If you didn't catch the comment in another thread, there's even flight-sim stylings in there. Great, great stuff.
I had heard a sequel was in development...Anyone? Anyone? Bueller?
By John T. on Friday, June 22, 2001 - 12:12 pm:
Well, "Rayman M" is supposedly coming. Not sure what it is.
By Steve on Friday, June 22, 2001 - 01:18 pm:
>>Well, "Rayman M" is supposedly coming. Not sure what it is.
It's a mature edition, with graphic violence and full-frontal nudity.
By Supertanker on Friday, June 22, 2001 - 01:26 pm:
"It's a mature edition, with graphic violence and full-frontal nudity."
Wow, if Rayman's G-rated appendages are just hanging in space, I hate to think what this will look like.
By Dave Long on Friday, June 22, 2001 - 01:50 pm:
More seriously, I looked up Rayman M. It's a multiplayer version of Rayman 2. You race against other players and can choose any of the game's characters. It said in one article, it uses a lot of the levels straight out of Rayman 2. So unfortunately, it isn't a true sequel...
PS2, Xbox and PC.
By gregbemis on Saturday, June 23, 2001 - 06:53 pm:
Oooh... a thread for the over thirty console gaming crowd. Count me in.
I've also been playing a lot of Twisted Metal Black. Fantastic game, but you're right. This puppy is tough. My only advice is to try to lure one car away from the pack and take him on alone. It also helps to learn some of the special moves like freeze or invisibility. Initially, they are tough to pull off, but a little practice goes a long way. Oh, and three simple words: turbo, turbo, turbo. It's a testament to the game that somthing so infuriatingly difficult keeps you coming back for more.
On to other things... Ok, so everyone basically agrees that Rayman 2 is excellent, but geeze Tom, did you have to bag on Banjo-Kazooie? Some great gameplay in those games. I've been on a bit on an N64 kick lately and decided to give Body Harvest another go. There a good game in there somewhere. You just have to get past the sluggish controls.
On the PS2, the new BIG title from EA Sports (some basketball thing) is getting a lot of buzz at the office. Stay away from Dark Cloud... boring and inane.
That's all for now. Off to play more Startopia.
By Mark Asher on Saturday, June 23, 2001 - 06:56 pm:
NBA Street is the game you're referring to. It looked great at E3. It's kind of like NBA Jam, but with better gameplay and more players per side.

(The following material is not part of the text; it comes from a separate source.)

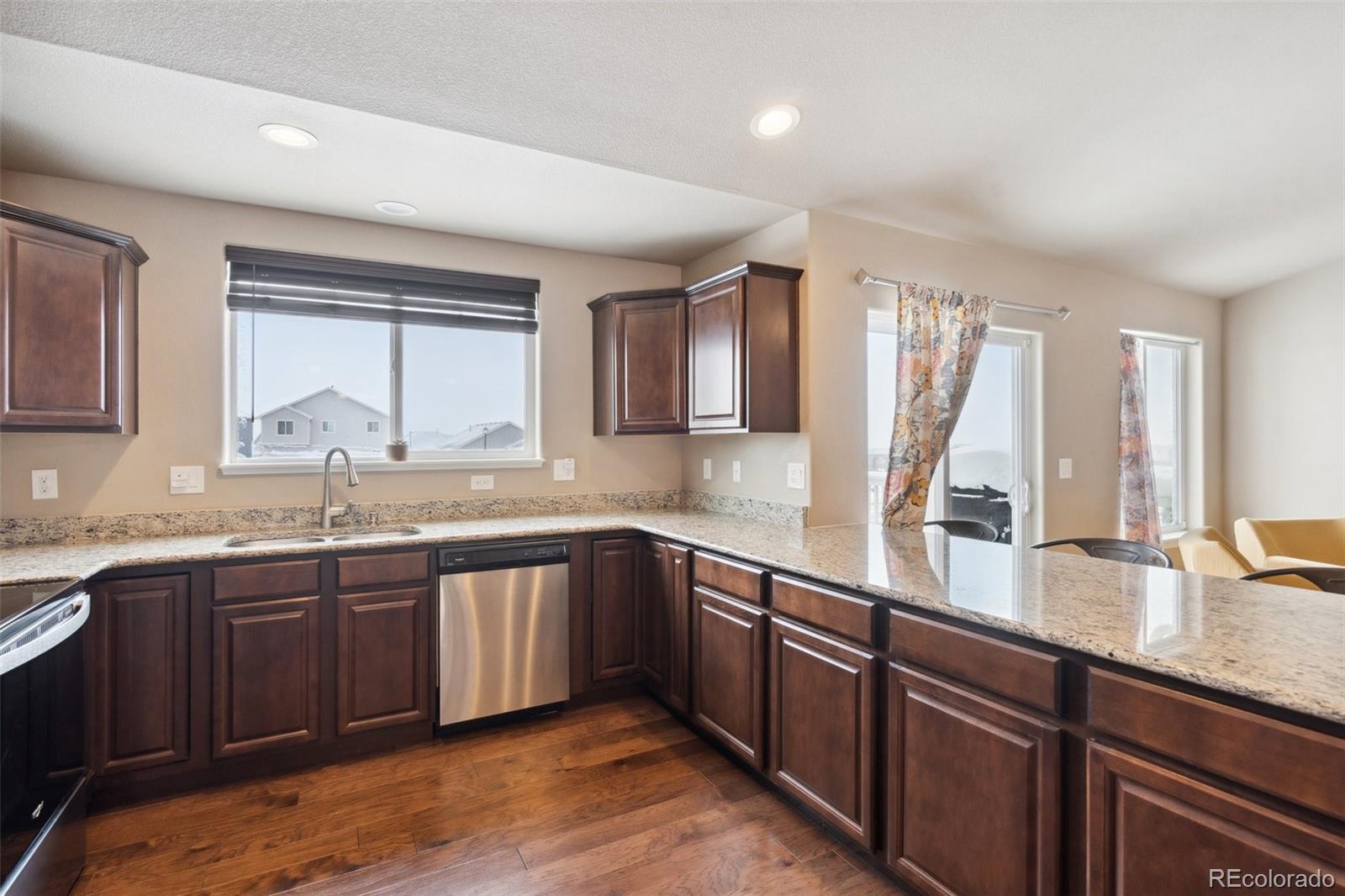 MLS Image #12 for 9462  fairway glen drive,peyton, Colorado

By Jason_cross (Jason_cross) on Saturday, June 23, 2001 - 07:22 pm:
Well, I'm not allowed to post in here anyway, since I'm just a immature 27-yr old who likes juvenile games.
Tom - so if you're trying to avoid games in which you'd be embarassed when someone walks in, I see what you mean. You don't mean "juvenile" as in "kid-friendly games" but stuff like "it's juvenile how this heroine has 48-DD tits and this game uses every opportunity to let us see them bounce." Is that it?
I honestly don't know why running around as a Bear or Bird in Banjo Kazooie would be more embarrasing than running around as a blue hedgehog or two-tailed fox or whatever the hell an echidna is in Sonic Adventure.
Anyway, people are saying that Twisted Metal: Black is far and away the best vehicular combat game ever made for any platform. It's getting rave reviews. I can't afford to pick it up just now...anyone play it?
By TomChick on Saturday, June 23, 2001 - 07:54 pm:
Banjo-Kazooie is very kiddie-styled in a way that Rayman 2 isn't. Yes, it's certainly got solid gameplay, from what I've seen, but I'm not terribly interested in the little happy world they've set up.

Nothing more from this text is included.